This is an introduction for Stata users to maintain your repos using command line (Lauchpad → Others → Terminal in Mac) on a Mac device. All codes below are used with command line.

For those of you with Windows system, the steps should be similar. Here is a good tutorial.


1. Set Up


  • Create your GitHub account.

  • Download Git and Git Credential Manager with command line, you might need to install Homebrew first.

    brew install git
    brew tap microsoft/git
    brew install --cask git-credential-manager-core
  • Authenticate access to your GitHub account.

    Generate a new SSH key and add to your account. After doing this, you need to use SSH url when you clone a repo.

  • Create a test repo on GitHub without readme file.

  • Change command line current directory to your repo location, and run the code shown on GitHub.

    # check current directory
    pwd
    # change directory
    cd 'your_path_here'
    
    # Create a new repo under your destination folder, below are the codes from GitHub
    echo "# test" >> README.md
    git init
    git add README.md
    git commit -m "first commit"
    git branch -M main
    git remote add origin git@github.com:Xiao-Ying-Liu/test.git
    git push -u origin main
  • Refresh your GitHub page and there should be a README file.

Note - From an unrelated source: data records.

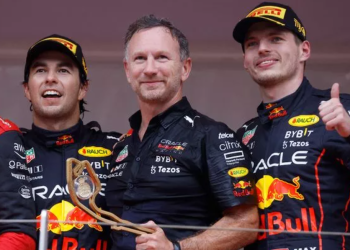 Christian Horner, director de Red Bull Racing, respondió a los comentarios de Toto Wolff que insinuaron un favorecimiento sobre Max Verstappen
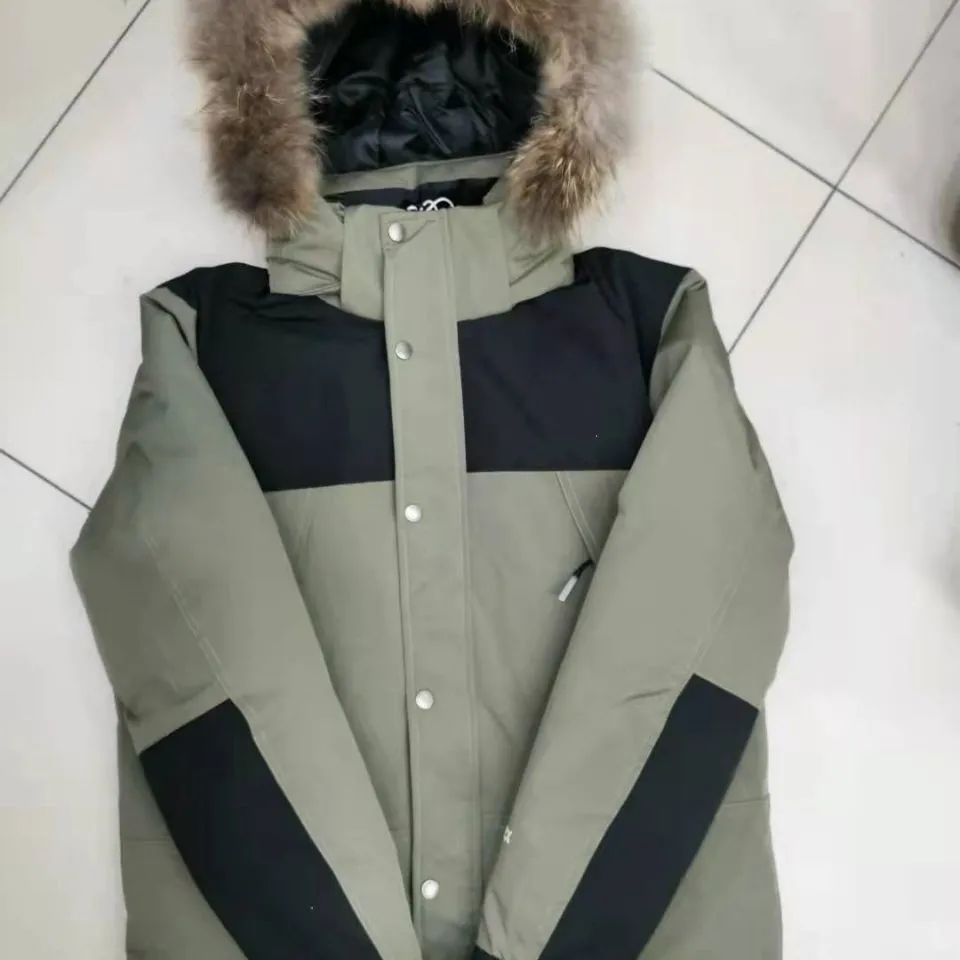Down Jacket Autumn and Winter Men's and Women's New White Duck Down Warm and Thickened Bread Jacket Fluffy Cotton Jacket
Down Jacket Autumn and Winter Men's and Women's New White Duck Down Warm and Thickened Bread Jacket Fluffy Cotton Jacket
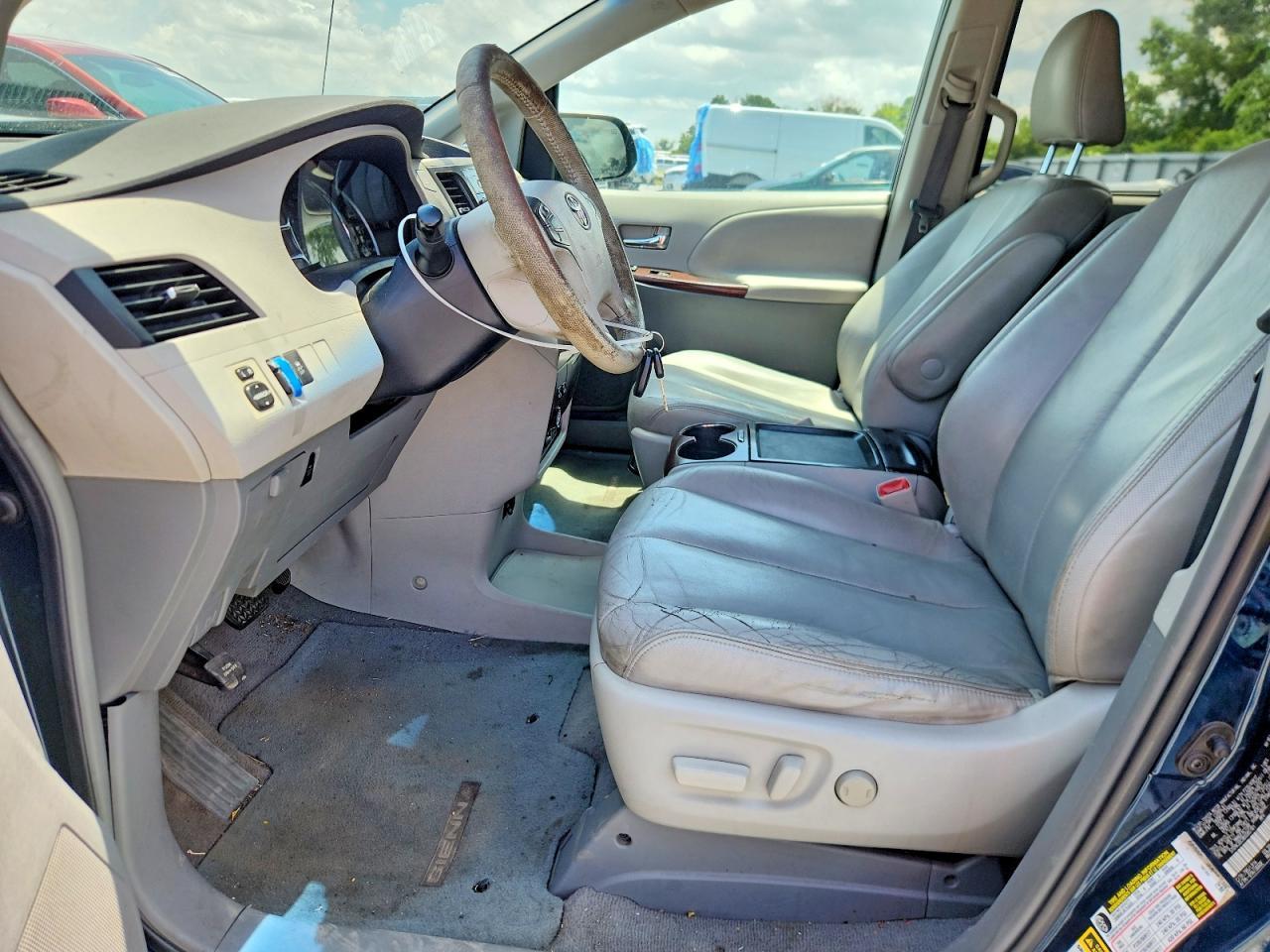 2011 TOYOTA SIENNA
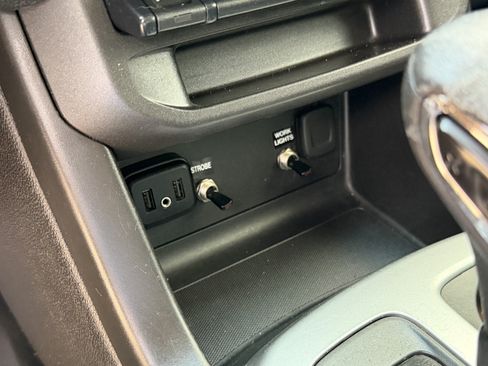 Used 2022 Chevrolet Colorado LT w/ Fleet Safety Package RWD image 40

You are good to use Git for version control and collaboration now!


2. Basic Commands


2.1 Create a new repo

2.1.1 Initialize Git

Suppose you have a project folder on your computer and you want to maintain it using Git/GitHub. After setting you working directory in command line, you need to initialize Git, basically telling Git that ‘Hey, this is the folder I want to do version control. Please create a repo for me.’

Type in: git init

Example: I have an assignment with folders code, output, data. Now I want to put them on GitHub so that my teammates could clone the repo and proceed to do the remaining part.

  1. I change the working directory to the assignment folder: cd /Users/user1/Desktop/assignment1

  2. Initialize the repo: git init

2.1.2 Add files and commit

So far, your repo is created, but it is still empty. Now, you need to add your files to the repo and submit them.

# Add all files
git add -A

# Commit the change (adding files)
git commit -m 'first commit'

2.1.3 Add remote access

Push your local repo to GitHub so that others can clone it, or you could view the changes.

  1. First, you need to create a repo on GitHub, name it as ‘assignment 1’.

  2. In command line, link your local repo to the remote repo

git branch -M main
git remote add origin git@github.com:Xiao-Ying-Liu/test.git

2.1.4 Push your local repo to GitHub

Now you are ready to push your files to GitHub: git push -u origin main


2.2 Maintain an existed repo

2.2.1 Invite collaborator(s)

Go to GitHub repo settings, on the left pane, choose Collaborator to invite your colleagues.

2.2.2 Git pull

Before introducing the commands to maintain a repo, here is an important command that I would like to introduce first: git pull. git pull is basically pulling your GitHub repo to your local one and keep your local up-to-date.

After your initial push, some changes may be made without your noticing (e.g., you edited your repo on GitHub, or your colleague(s) made some changes), so it is important that you pull every time before you push.

2.2.3 Maintain the repo

After you made some changes on your local repo (e.g., updated do files, added some papers, etc.):

# Add new changes
git add -A

# Submit the changes and enter a message saying what changes were made
git commit -m 'Updated cleaning.do'

# Check if your local is up-to-date
git pull

# Push the changes to GitHub
git push

There are also some advanced options for git add. You can also learn about the difference among git add -A, git add ., and git add -u here.


2.3 Check status

git status could be used to check current file status (which file is modified, deleted, untracked).


2.4 Check commit log

git log displays committed snapshots.


3. Advanced Commands


3.1 Branch

Git branch allows you to try out a new idea outside the main branch. For example, suppose you’ve reached the empirical part of your project. You wonder if a subset of the data gives you similar results as the full sample does. While this could be done directly in the main branch, you are not sure if you want to keep the results. Or, suppose you and your colleague work on a project together. One night when you are lying on the bed, you realize something is wrong in the cleaning process, you get up immediately and want to correct it and check the results. But without discussion, you are reluctant to change the code directly. In both cases, you could create a new branch and then decide (or let your colleague decide) whether to keep, remove, or merge the branch later.

3.1.1 Create a branch

First, you need to create a branch.

# create a new branch named 'subset_reg'
git branch subset_reg

Notice right now you only create a new branch name. To locate all future adds and commits to this branch, you need to select the branch with git checkout subset_reg. Then do the regular git add, git commit, git pull, git push.

3.1.2 Switch back to main branch

If you need to switch to the main branch, you need to check out to the main branch first.

git checkout main

3.1.3 Merge a branch

git merge is used to combine two branches.